HARRISONBURG — Jake, Abner and Tanner Johnson, of Harrisonburg, do most things brothers do together, and they’re doing something that very few across the Commonwealth are — growing hemp.
Jake Johnson, 26, and Abner Johnson, 22, first had the idea to start the business three years ago and now, they’re growing hemp for CBD oil on a 1-acre plot and a 2,500-square-foot greenhouse in Weyers Cave.
“We’re very passionate about the cannabis plant and when we saw the opportunity to grow hemp, we hopped on board,” Jake Johnson said.
Their company is called Shenandoah Valley Hemp, and was born out of changes in the 2016 Farm Bill and ensuing Virginia state law that allowed hemp to be grown for commercial purposes.
Previously, hemp could only be grown for research through institutes of higher education.
Jake Johnson, a James Madison University graduate, spent time on various cannabis farms in Portland, Oregon, during a JMU internship. That’s where he first learned about what it takes to run a hemp business.
The oldest Johnson brother, Tanner, 27, joined the business this year.
Most hemp growers produce for fiber, whereas the Johnson brothers are growing for CBD oil.
As Abner looked into research, he noticed something that would prove a major obstacle.
“I realized they were conducting experiments completely different,” he said.

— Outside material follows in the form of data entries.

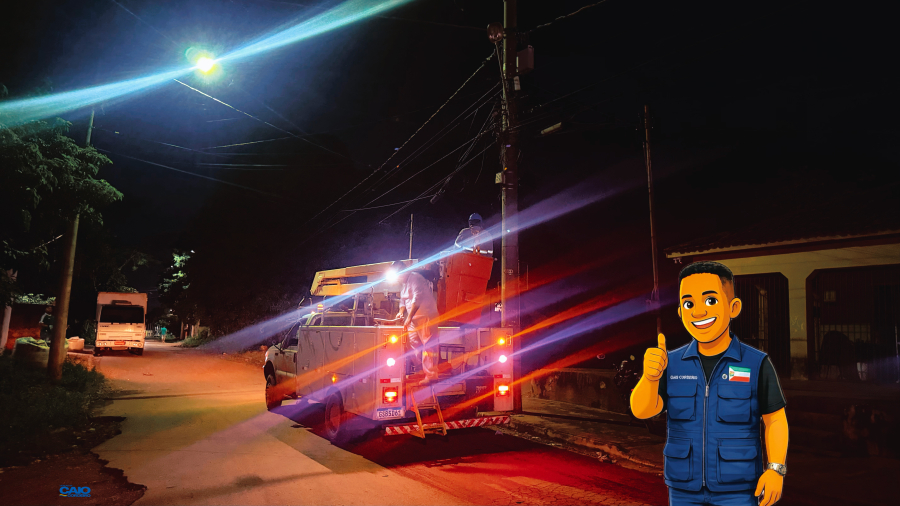 Mutirão de iluminação atende pedido do vereador Caio Cordeiro no bairro Capela do Piçarrão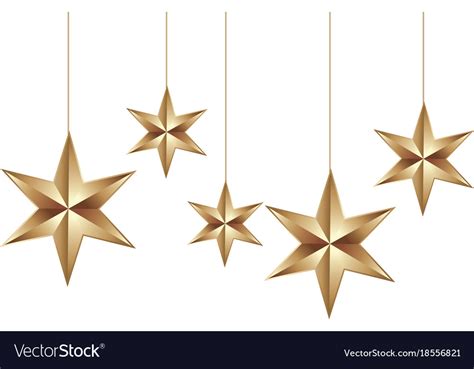 Christmas Ornaments With Stars Hanging Royalty Free Vector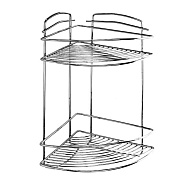 Полка для ванной Milardo угловая двухъярусная 220х358х220 мм нержавеющая сталь хром (209WC20M44)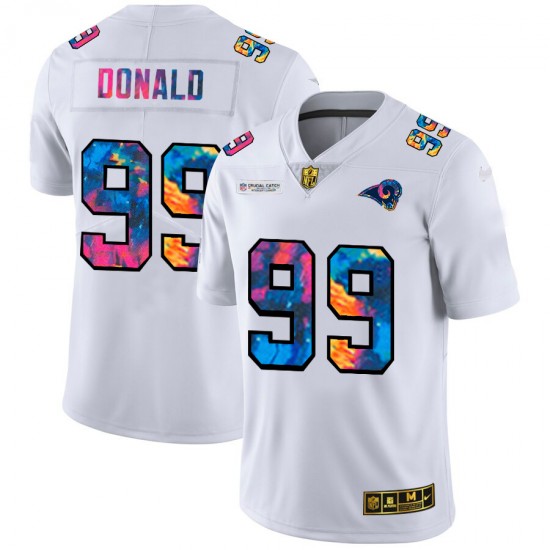 Los Angeles Rams Aaron Donald 99 Nike 2020 Multicolor White NFL Jersey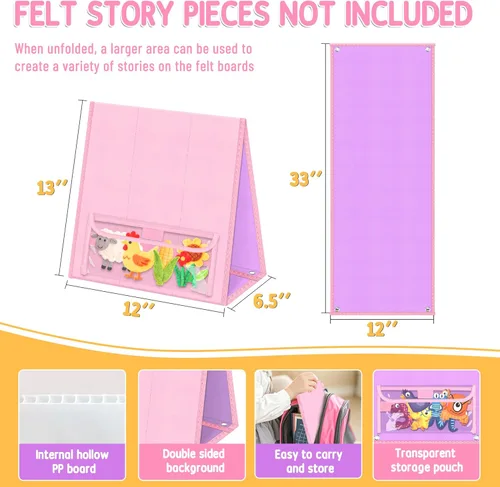 Miniatura 3 de AKAYOK Tablero de fieltro plegable – Tablero de historia de franela de doble cara para aprendizaje preescolar, narración interactiva y juego Rosa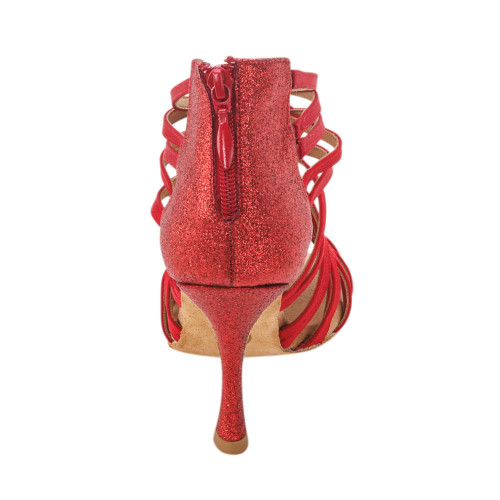 Rummos Femmes Chaussures de Danse Bachata 01 - Satin Rouge - 7 cm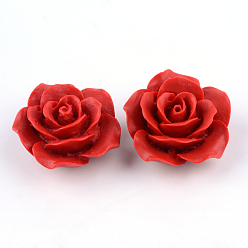 FireBrick Cinnabar Beads, Flower, FireBrick, 20x20x10mm, Hole: 2mm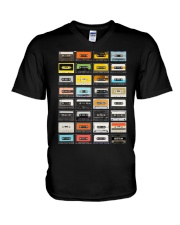 lgbt dj cassette colorful V-Neck T-Shirt tile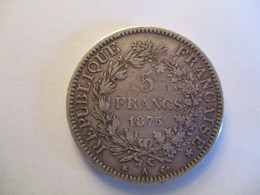 France: 5 Francs 1875 Hercule - J. 5 Francos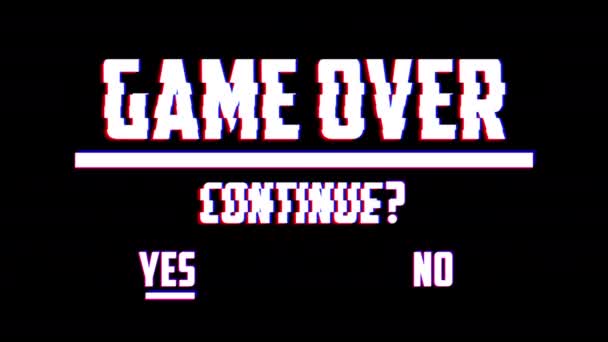 A videogame ending screen text on a tv: Game over Continue Yes No choice . Game background with animation and glitch effects. — Stock Video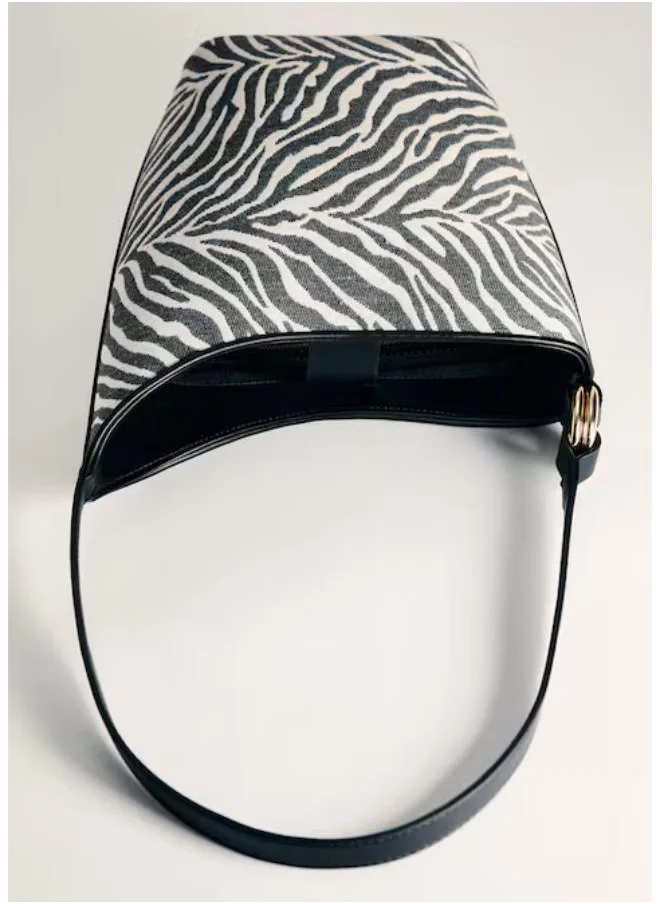 MANGO Casual Large Zebra-Print Bucket Bag
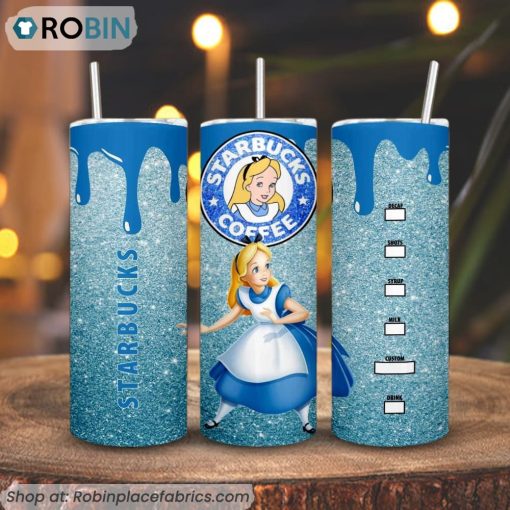 Alice Disney Princess Starbucks Coffee 3D Printed Skinny Tumbler, Alice In Wonderland Tumbler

Since hemp is still in its first publicly legal growing season across the Commonwealth, there is still quite a bit of research to be done on best practices, Abner Johnson said.
The brothers’ results from growing hemp for CBD oil production in Virginia are based on their own findings versus best practice resources, because there are very few practice resources for growing hemp for CBD, he said.
However, there is still help.
Daniel Downey, a JMU chemistry professor, has taken the brothers’ hemp for research, along with products from several other hemp farmers.
“We’re analyzing their plant as they are growing them and then we’ll give them feedback on what seems to be working,” Downey said.
Hemp needs to be watched closely over the late summer, as that’s when the THC percentage starts to rise, he said.
In Virginia, if the THC percentage in hemp rises above 5%, the product is destroyed.
“Compliance with the law is our first priority here,” Abner Johnson said.
To avoid this risk farmers can visit licensed testers, but that often comes at a hefty price.
The JMU inspection is free as the lab is getting valuable research materials from the farmer, Downey said.
“Farmers plant a crop, but they don’t walk away from it — and hemp’s no different,” he said.
Downey was a neighbor of the Johnson brothers when they were young, and met them again by chance in May as he was taking a chemistry field work class on a tour of the farm site.
“It was kind of serendipity from the standpoint that we weren’t there for hemp,” he said.
The lab’s ability to help hemp farmers will only grow, according to Downey.
“We’re just getting fired up this year,” he said.
As for the Johnson brothers, they are already looking at building onto their business with a processing facility, allowing them to make CBD from their raw hemp as well as other farmers' hemp.
There are two kinds of hemp processing which use ethanol of carbon dioxide to produce CBD oil, Abner Johnson said.
Carbon dioxide processing “uses no solvents and comes out as very pure product that never was used with any of those other products or solvents that could be harmful,” he said.
Right now, the brothers are looking at leasing and retrofitting a space around Dayton.
“Researched processing is definitely going to be the next new wave,” Tanner Johnson said.